Immerse Yourself in Yourself
Via NPR’s Planet Money: an MIT project called Immersion that allows you to see how much of your life can be teased out from your email metadata. Using just the From, To, Cc and Timestamp fields on your Gmail, Immersion creates a color-coded map of correspondence that, at least for me, would probably represent the summation of my work and social relationships with great accuracy. Because metadata is an excessively timely issue, the site’s server has been temporarily overworked; you can still sign up to map your own email later (the irony of this is not lost on me, but you can erase the data immediately), or do a similar thing with your Facebook network with this Wolfram Alpha tool.

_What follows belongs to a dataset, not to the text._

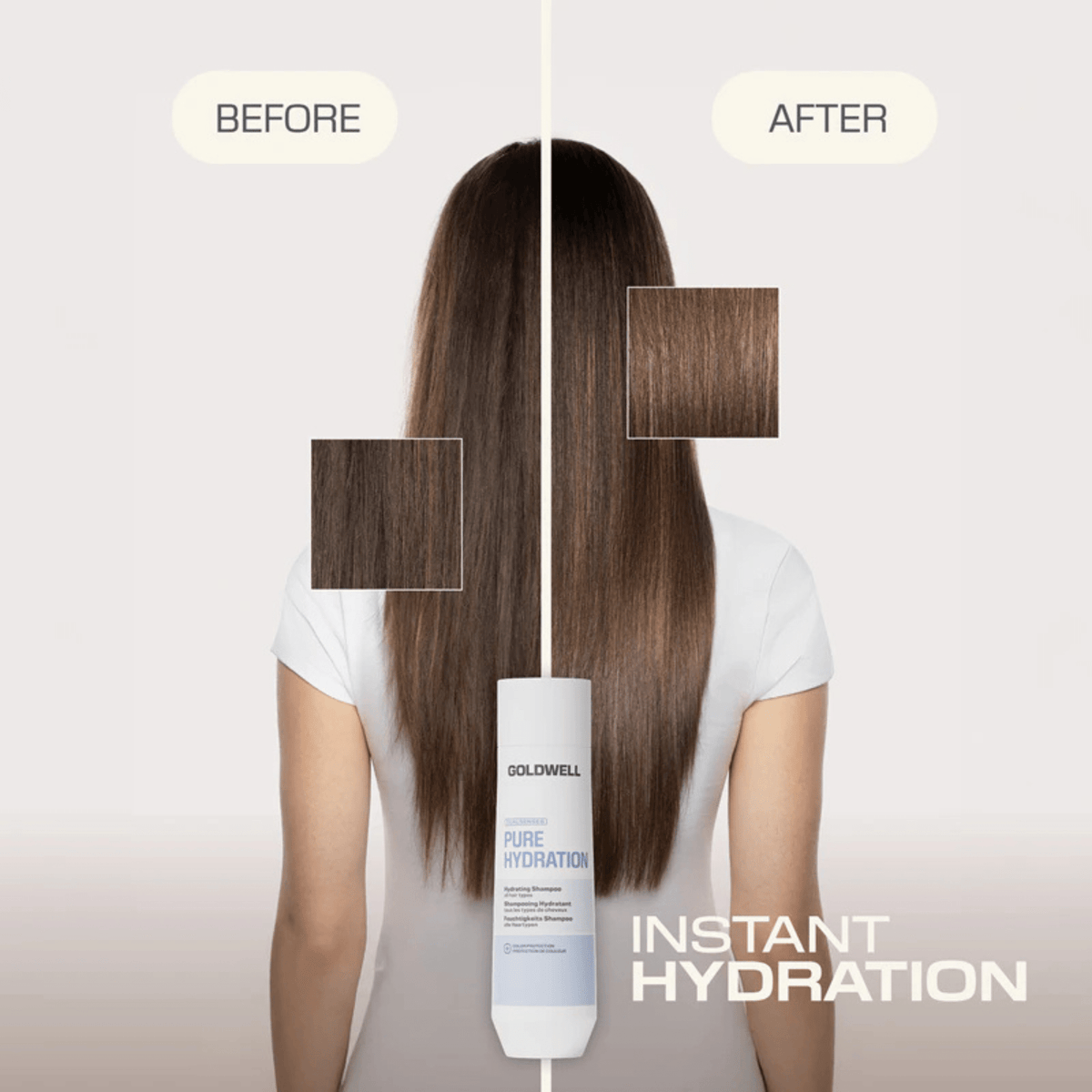Goldwell. Shampoing Hydratant Pure Hydration - 300 ml - Concept C. Shop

I just did the latter, wincing as I checked the terms & conditions box without reading the terms or conditions, and found out that my Facebook friends are 60% female, that 40% of these female friends are married already (vs 23% of my male friends), and that my network looks like the picture to the left (the central hub is surely college, and the WA tool spat out a list of my purple “insider” friends, green “connector” friends and gray, gray outsiders).
On a similar note, there was a recent This American Life where Ira talks to four lawyers who work with Guantanamo detainees, and thus for years have been assured that not just their metadata but their actual conversations are being recorded and monitored. They are more at peace with the situation than you might expect, or perhaps I am merely interpreting “peace” from the sound of “utter metaphysical weariness.”